Book now and post cute selfies of you exploring Europe later
Essential info for travelling on night trains
Do I need a reservation?
Reservations for night trains are compulsory, as they guarantee you a seat or bed on the train. But, good news: all night trains featured in this post offer a discount to Global Pass holders. You can make reservations online, by phone or at the train station (depending on the train).
Remember that you'll pay a higher reservation fee for the more luxurious options onboard. Check out the reservation fees for night trains.

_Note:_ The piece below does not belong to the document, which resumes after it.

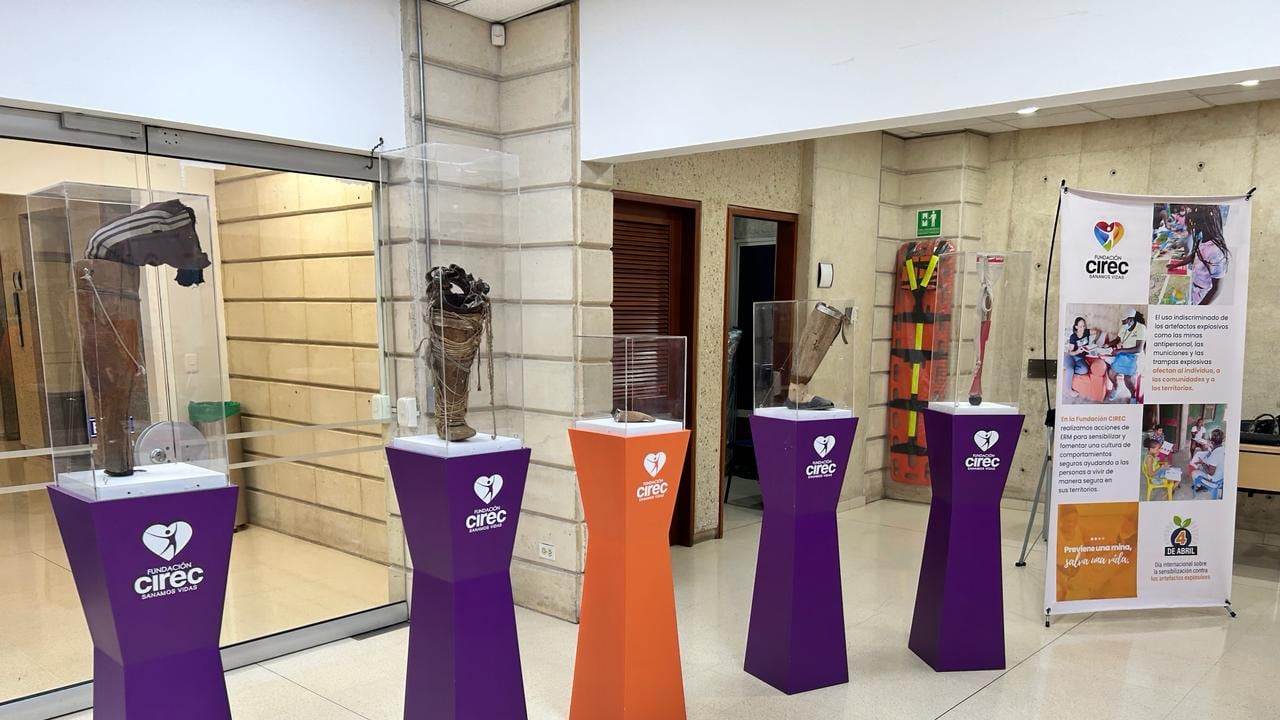 Día Internacional de Sensibilización contra las Minas Antipersonal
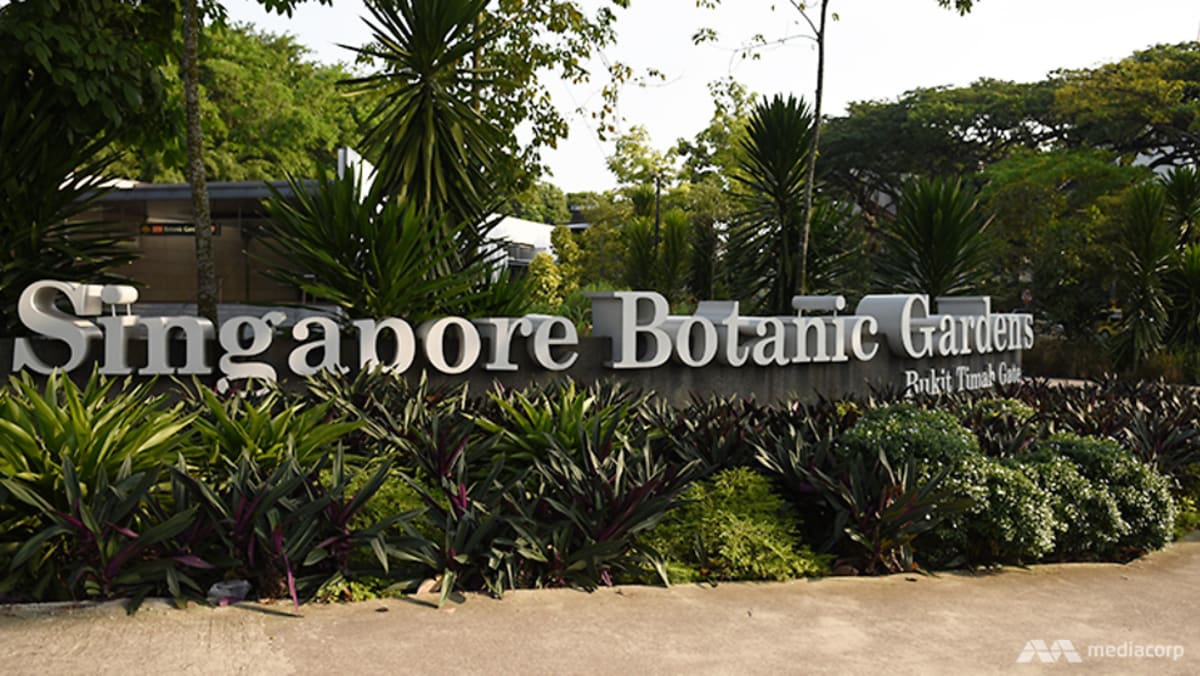 Police warn against calls to gather at Singapore Botanic Gardens for event related to Israel-Hamas war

How many travel days do I need to use?
When travelling by night train, you only have to use one travel day (the day of departure). The departure date will automatically be visible on the mobile Pass once you add the journey to My Trip (you must write it manually on the paper Pass).
Keep in mind that if you want to keep travelling and take another train after the night train has arrived, you'll have to use a new travel day.
You need a Global Pass to book cross-border night trains, and the entire trip must take place within the validity period of your Pass. Book your reservation at least two months in advance to avoid disappointment.
Types of accommodation on night trains
Reclining seats (available on some night trains):
We can't pretend this is the most comfortable option on night trains, but you'll save loads of money, meet new friends and have freedom to walk around the compartment. Although the seat reclines, you will be sleeping in an upright position with a bunch of strangers (it's still more comfortable than air travel).
Think of a couchette as a hostel on wheels! Best shared with friends, new Interrailing buddies or family, you'll find yourself in a 6-berth compartment or a 4-berth compartment - it's worth paying more for this option. Couchettes transform from a seating area in the early evening to bunk beds at night. You'll get a sheet, blanket, pillow, and usually a tea/coffee and croissant for breakfast.
You naturally have to pay a higher reservation fee for the more luxurious options; however, sleeping compartments are the most comfortable way to travel. Depending on availability, you can book a 1, 2, or 3-bed compartment for your hotel on wheels. You can request a standard sleeper with a washbasin (you'll find the toilet and shower down the corridor) or a deluxe sleeper with an ensuite shower and toilet inside your cabin. Note that the beds (or berths) are sold separately - you need to book all the beds to have a private compartment. You'll get a sheet, blanket, duvet and pillow, and breakfast is included in the fare.
Strange but true:
Night trains are as varied and charming as the countries in Europe, so the comfort and quality of the accommodation can vary (even between carriages on the same train).